I agree. If I exercise first thing in the morning, there’s no need for me to increase BG before hitting the cardio. I can start at 80 and be fine. In the afternoon, it’s a different story, probably due to the fact that I’m very insulin sensitive and I’ve been bolusing throughout the day. If I don’t start near 200, I’ll completely tank before 30 minutes of cardio is complete, so I increase my BG before beginning. It’s what works for me.
I do occasionally get a pretty severe exercise-induced low now and then, but I hate having to eat carbs to burn carbs, and the thought of taking more if I were already at (god forbid!) 200 is flat out absurd. I haven’t read the book so I don’t know if she mentions this, but one thing I’ve found is that exercise-induced lows generally bounce back considerably so I’m very leery of treating them right away. I usually try to give it 1/2 an hour unless I’m getting that photo-flash effect in my eyes, but that’s pretty rare.
This I don’t agree with though:
I have my iPhone on my bike holder with the app open the whole time I’m riding and I find it very helpful. I’ve occasionally bailed on a bike ride when my G5 indicated I was dropping sooner and faster than I expected, and saved myself a lot of trouble as a result.

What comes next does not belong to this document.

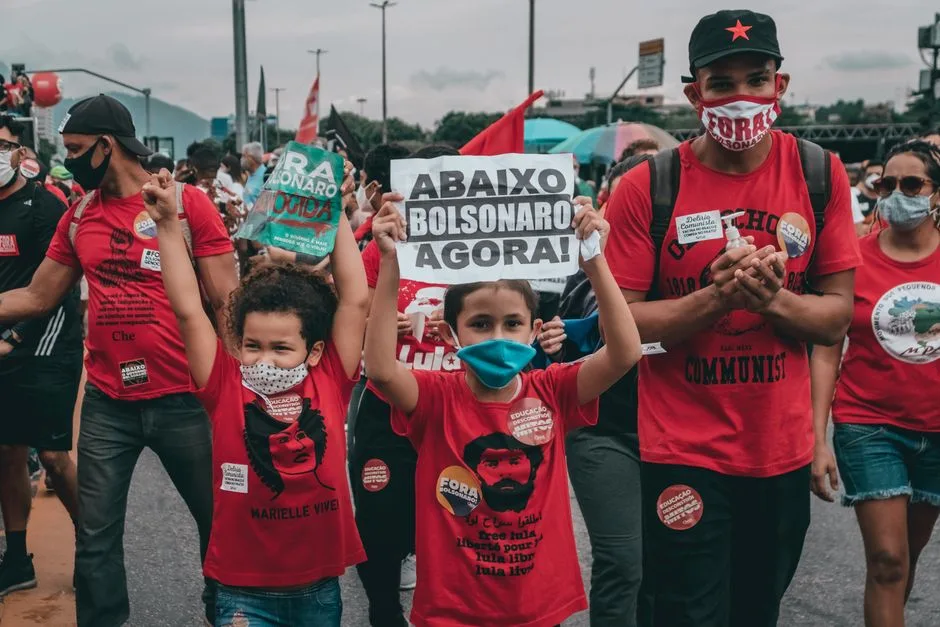 Flavio Bolsonaro părăsește Brazilia în ciuda interdicției de a călători: Destinația sa surprinzătoare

But @Shadow2’s experience totally mirrors mine as to exercise and time of day:
Don’t get me wrong, I really do like the Dexcom, and I still take it on my runs. But there are times when I am running when the Dexcom reading is far behind my BG reading. I think the issue is that during exercise, my BG rises and falls faster than when I’m inactive, and the fast rise and fall takes the Dexcom longer to “catch-up” with the BG reading.
I am in the minority, but I actually test BG while running. It took me a while to be able to do that, but I have built some gadgets that make it possible.
One advantage the runners have is that we can always use both hands, while the cyclists can’t always do that. But on the other hand, you have places to mount hardware - like you could have a lancing device built into a handlebar, and places to hold the test strips. Fun for me to think of the possibilities there!
Forgot to say–welcome to TUD, @Eric2! And yeah, the actual numbers lag quite a bit for me too. It’s more about being out on a ride and I start seeing double down arrows, so I know I’d better pop a glucose tab or two and take the shorter route back to homebase.
Were you taking any blood sugar meds at the time or was he convinced you were just going to spontaneously suffer from profound hypoglycemia with no cause whatsoever? Without meds (particularly insulin ) you are at zero risk for profound hypoglycemia… enjoy it
I was only taking Metformin ER at that time, and although I do have issues with hypoglycemia (and have since I was a child), the chances of having, in your words, a “profound” hypoglycemic episode are pretty slim. With or without Metformin, which isn’t an insulin promoter. This is precisely the reason why I got a new doctor and kept exercising: the man, for all his qualities, didn’t understand enough about diabetes to make rational decisions or help me manage my care.